Em nenhum deles obteve resposta favorável, ou seja, é infundada a informação de que a Sema tenha perdido o prazo para a renovação da delegação de licenciamento ambiental.

O Estado possuía delegação do Ibama apenas para o licenciamento de intervenções no local, e não para a realização de uma nova obra.

No entanto, após o início das obras e dos estudos aprofundados no Portão do Inferno, a Secretaria de Estado de Infraestrutura e Logística (Sinfra) decidiu que a construção de um túnel no paredão é a solução definitiva para os problemas de desmoronamento no local.

Com isso, o Estado fez novo pedido de licenciamento para a obra, e o Ibama decidiu que ele tramitaria no âmbito federal, por ela estar localizada dentro da unidade de conservação federal.

Enquanto a solução definitiva não é licenciada pelo Ibama, o Estado trabalha no relançamento do processo licitatório, já que o primeiro foi considerado deserto, o que deve ocorrer em breve.

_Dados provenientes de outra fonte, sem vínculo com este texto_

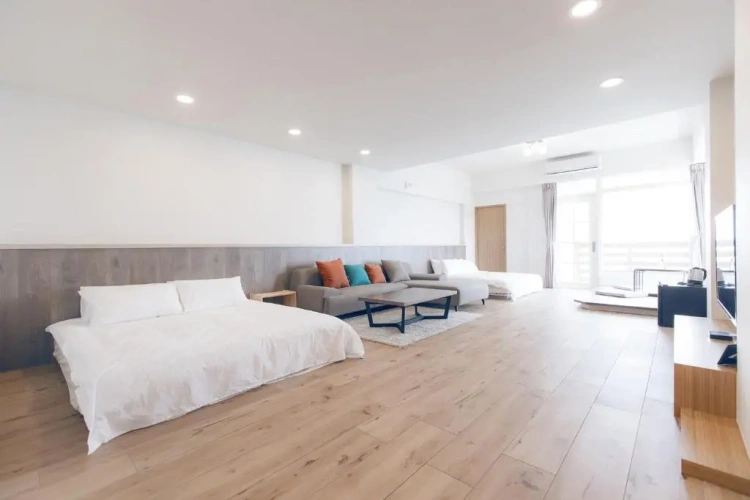 Standard Family room with sea view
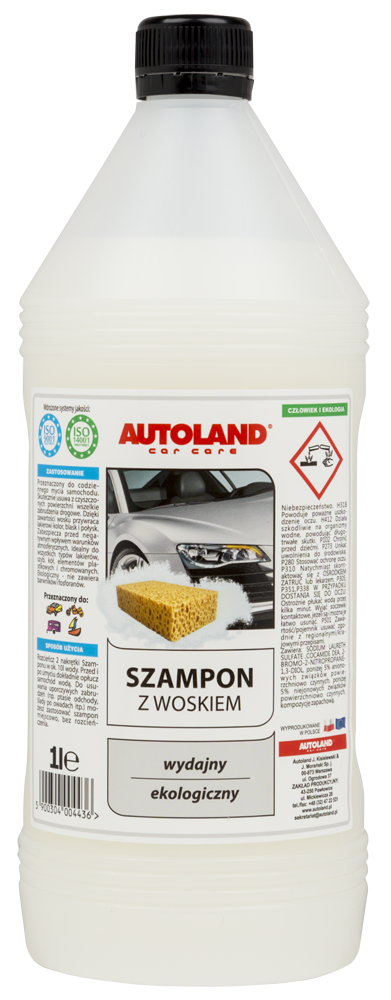 autoland szampon z woskiem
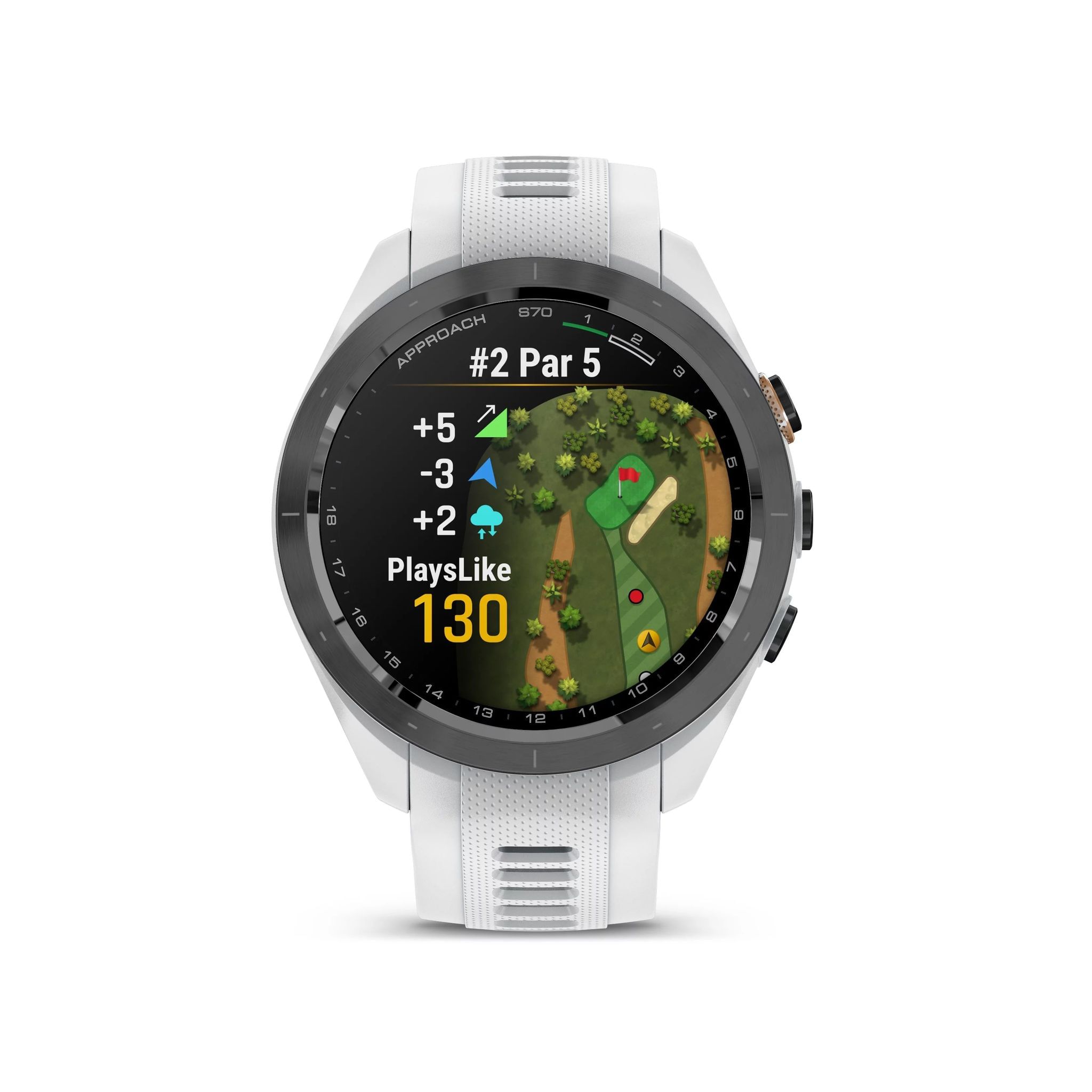 Garmin Approach S70 GPS golfová hodinky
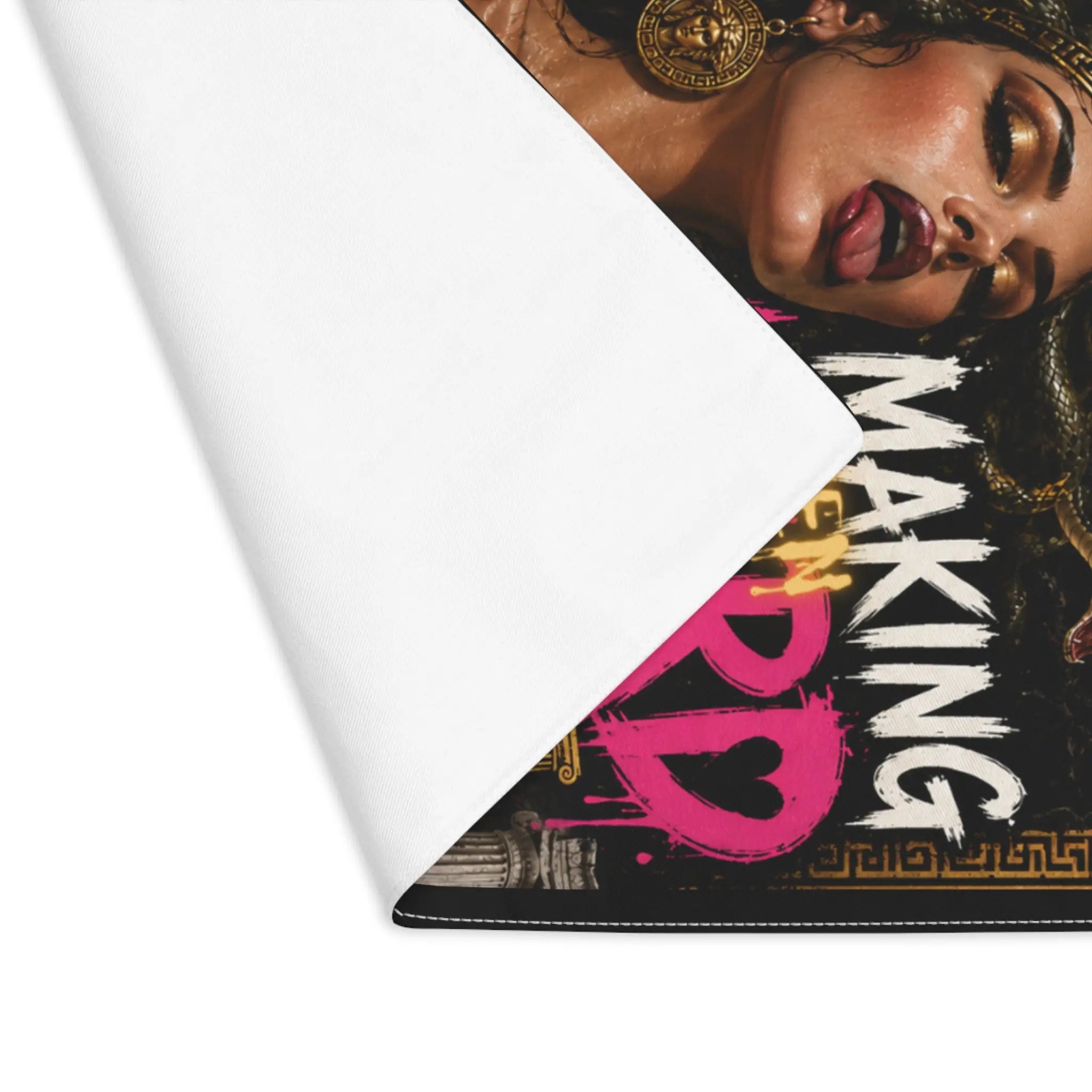 Medusa Making Men Hard | Nectar Napkins Fun-Flirty Lovers’ Toy Mats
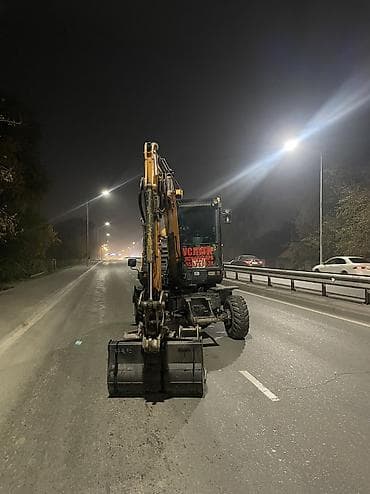 gx 470 2005: Услуги экскаватора (Hyundai 55W-9A, колесный) Что выполняем: - Копка — 4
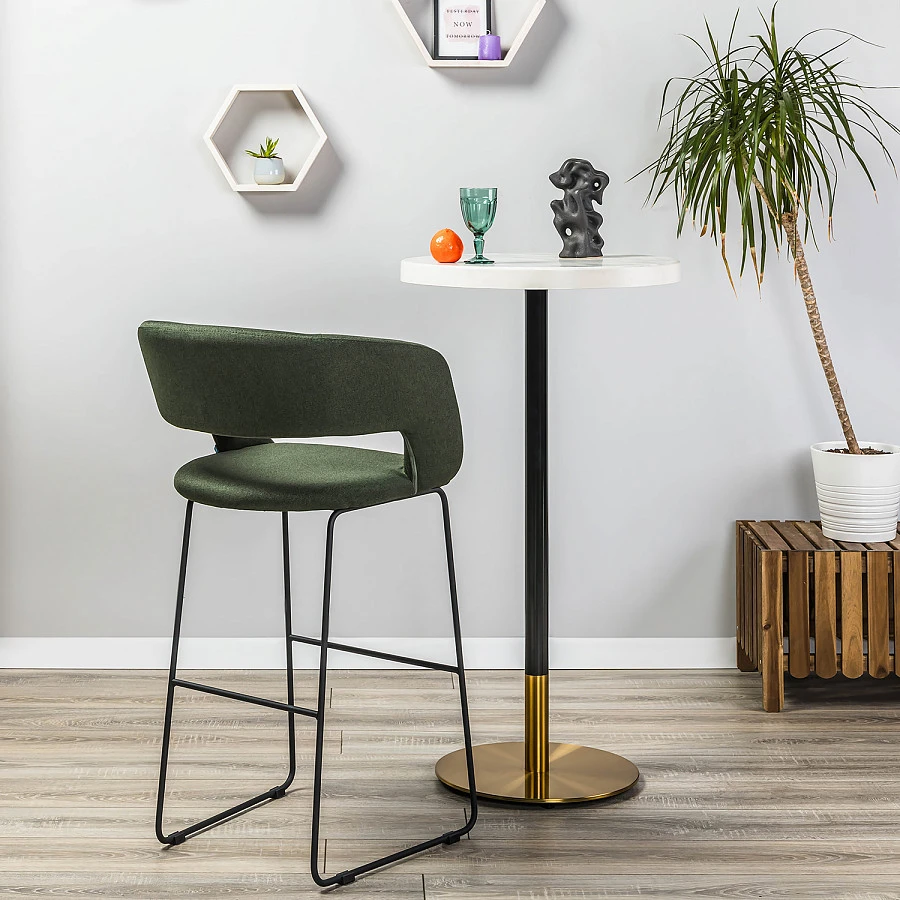 Кресло Бар. Hugs тёмно-зеленый/Линк - фото 12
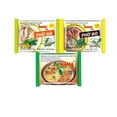 thumbnail image 3 of NineChef Mama - Spoon Plus Mama Instant Noodle(shrimp,shrimp creamy, PA-lo Duck, Chicken, Pork, Chand, Flat Noodle, Rice Vermicelli, Pho Ga Chicken, Pho Bo Beef ) 10 flavors 3 bags each total 30 bags, 3 of 5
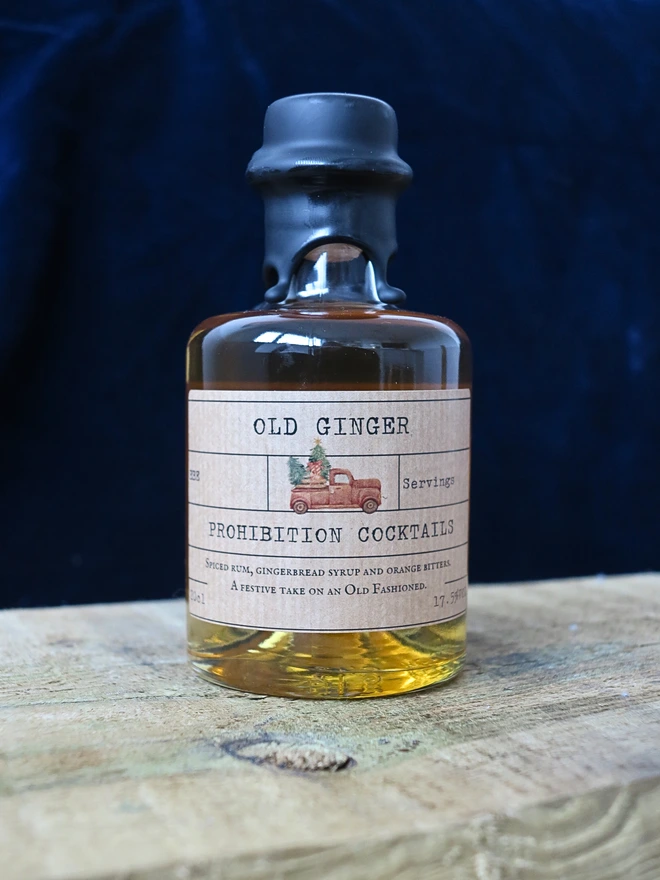 Old Ginger Cocktail 20cl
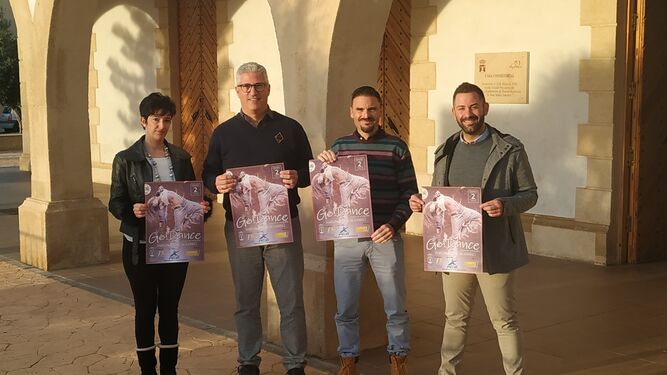 Presentación del evento en el Ayuntamiento de Huércal de Almería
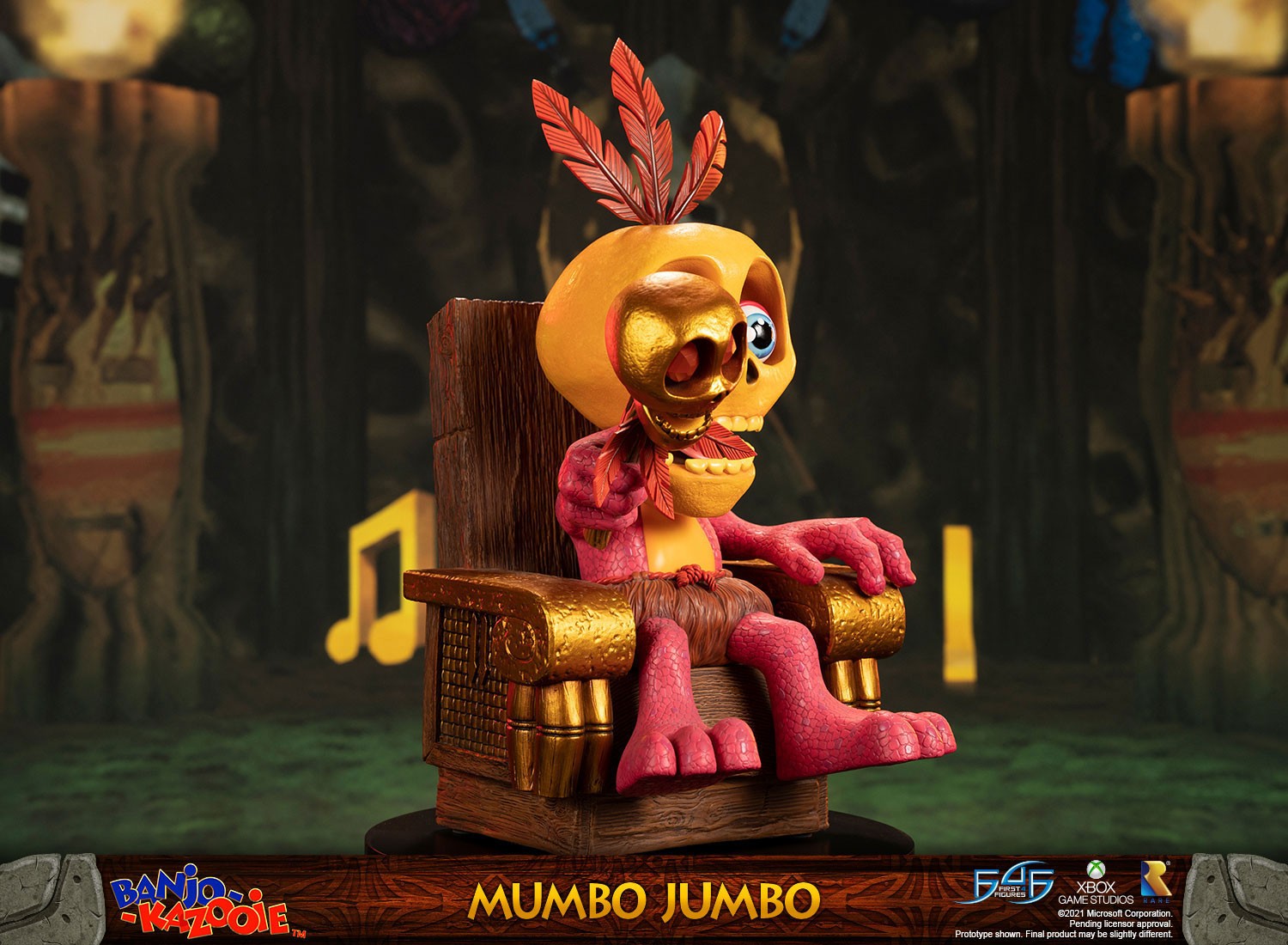 PRE-ORDER Banjo-Kazooie - Mumbo Jumbo: Standard Edition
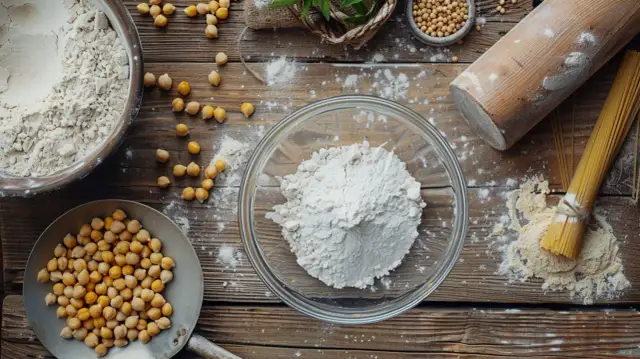 Mąka z ciecierzycy przepisy - Najlepsze przepisy na dania z mąki ciecierzycy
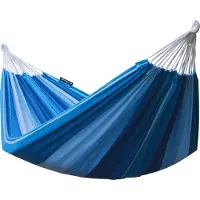Potenza Hangmat - 1 persoons XL- EXTRA STEVIG - UV bestendig - Blauw - Singa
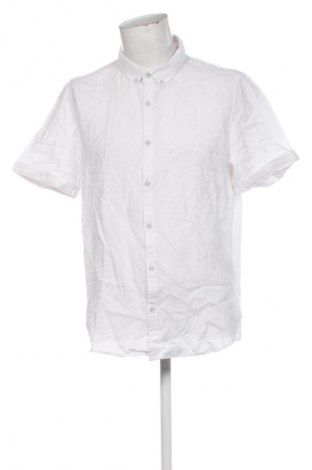Ανδρικό πουκάμισο Jean Pascale, Μέγεθος XL, Χρώμα Λευκό, Τιμή 11,99 €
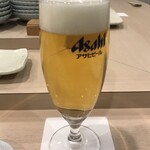 すし さか井 - ランチセットのサービスドリンク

A Sinfra mantém as ações de monitoramento e controle ambiental previstas nas condicionantes das licenças ambientais já emitidas, como a execução dos programas de gestão ambiental, o gerenciamento de resíduos sólidos, o monitoramento de efluentes líquidos, ruídos, vibrações e emissões atmosféricas, as ações de segurança, meio ambiente e saúde do trabalhador, a recuperação de áreas degradadas, o controle de processos erosivos, o monitoramento da supressão de vegetação, a conservação da fauna e a mitigação de atropelamentos da fauna silvestre.

Além disso, a Secretaria faz o videomonitoramento do local, que auxilia no acompanhamento contínuo das condições da área, especialmente no período de chuvas, para o controle do tráfego, conforme o protocolo de segurança vigente.